Lithium-ion batteries are promising candidates for future energy storage applications like electric vehicles. Nonetheless, currently commercialized li-ion batteries suffer on the one hand from safety issues and on the other hand from low energy capacity. For a reasonable application of…

Lithium-ion batteries are promising candidates for future energy storage applications like electric vehicles. Nonetheless, currently commercialized li-ion batteries suffer on the one hand from safety issues and on the other hand from low energy capacity. For a reasonable application of li-ion batteries in future application fields these issues have to be solved and one possibility to achieve this is the design of new electrode materials. Generally transition metal oxides are adequate candidates. The use of nano-sized material provides short li-ion diffusion lengths. However, the challenge of these materials is their low electronic conductivity. Thus conductive pathways (e.g. from carbonaceous materials) within the nanostructured transition metal oxide electrode are desirable. A homogenous carbon coating would, thereby, be especially attractive, as it can protect the electrode material in addition from degradation.

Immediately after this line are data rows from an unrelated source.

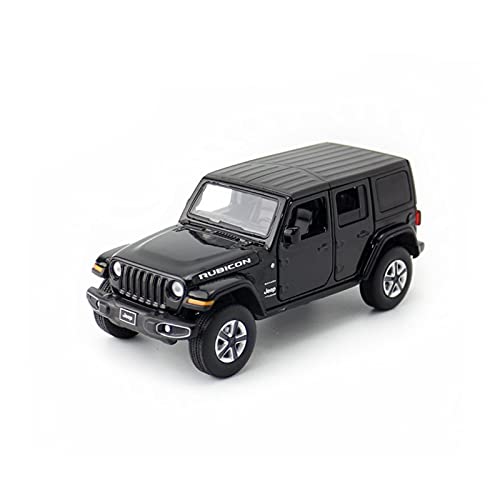 1 32 Für Jeep Wrangler Alloy Diecast Automodell Sportwagen Spielzeug Für Kinder Und Erwachsene Zurückziehen Fahrzeuge Spielzeugautos Druckguss Fahrzeuge Modell(Schwarz) von TQMEAD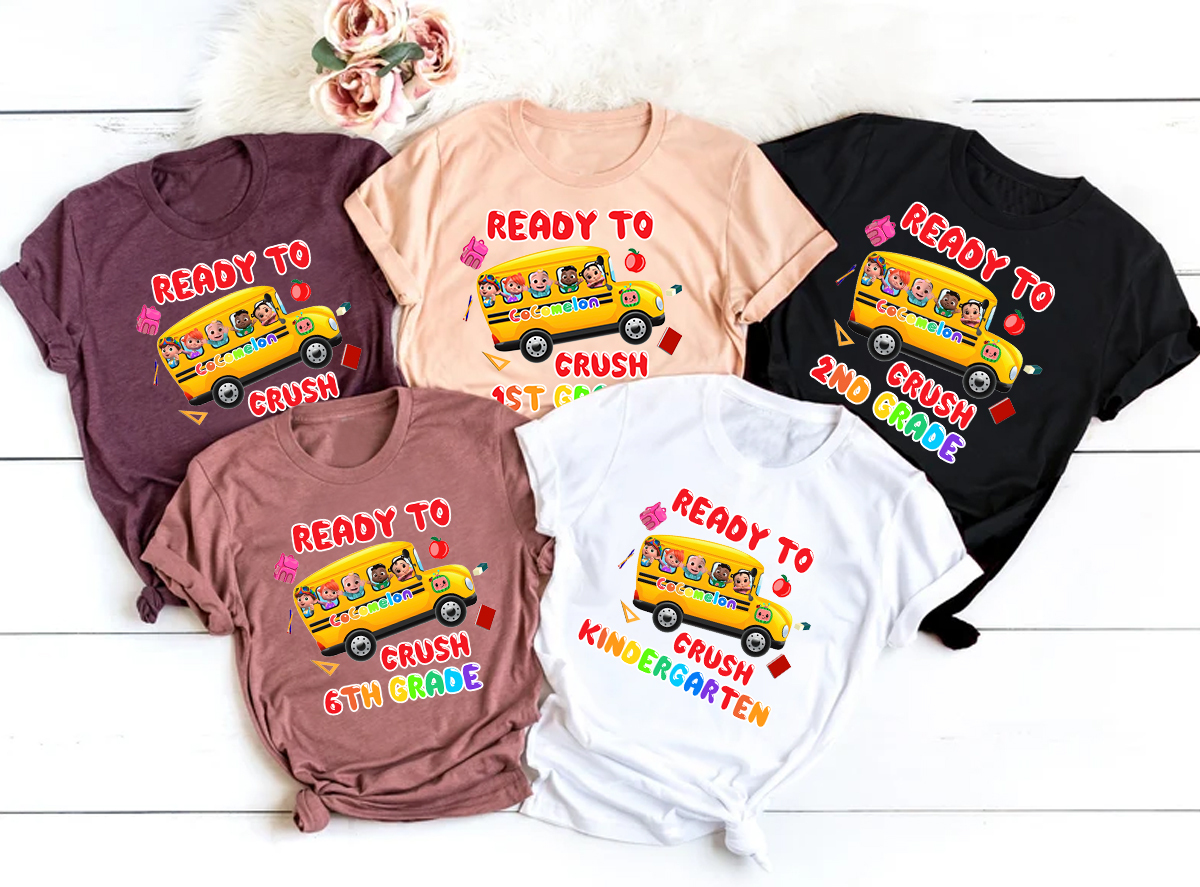 Cocomelon 1st Grade Shirt, Kids School Bus, Back to School Shirt, Kindergarten Shirt, Cute Preschool Shirts, First Day Of School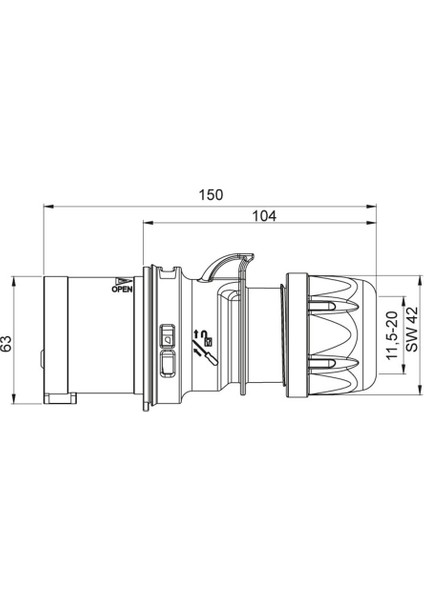 Düz Fiş 32A 200-250V 2p+Pe 6 H IP44 Hızlı Bağlantı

A new approach to create such a homogeneous carbon coating on the surface of titanium dioxide nanoparticles (as a possible electrode material) has been developed by research teams in Mainz and Muenster (Germany). The synthetic approach, which was conducted in Mainz, involves the grafting of a carbon precursor polymer onto the nanoparticle surface. This approach is enabled by the synthesis of a new polyacrylonitrile block copolymer with a short anchoring block, to allow coordination of the polymer onto the nanoparticle surface. AFM-measurements show the homogenous coating of the TiO2 nanoparticles. Thereafter the carbon precursor can be transformed into carbonaceous conductive structures on the surface of the nanoparticles resulting in a homogeneous carbon coating.

The research team in Muenster investigated such a nanostructured material, which, compared to the uncoated one (i.e., pristine TiO2 nanoparticles), shows a substantially improved reversibility and kinetics of the Li+ ion insertion and deinsertion processes. Remarkably, the carbon coating appears to prevent a structural degradation process occurring in uncoated anatase TiO2 nanorods upon continuous lithium insertion-deinsertion cycles.
These results demonstrate the advantage of a homogeneous carbon coating on nano-sized electrode materials.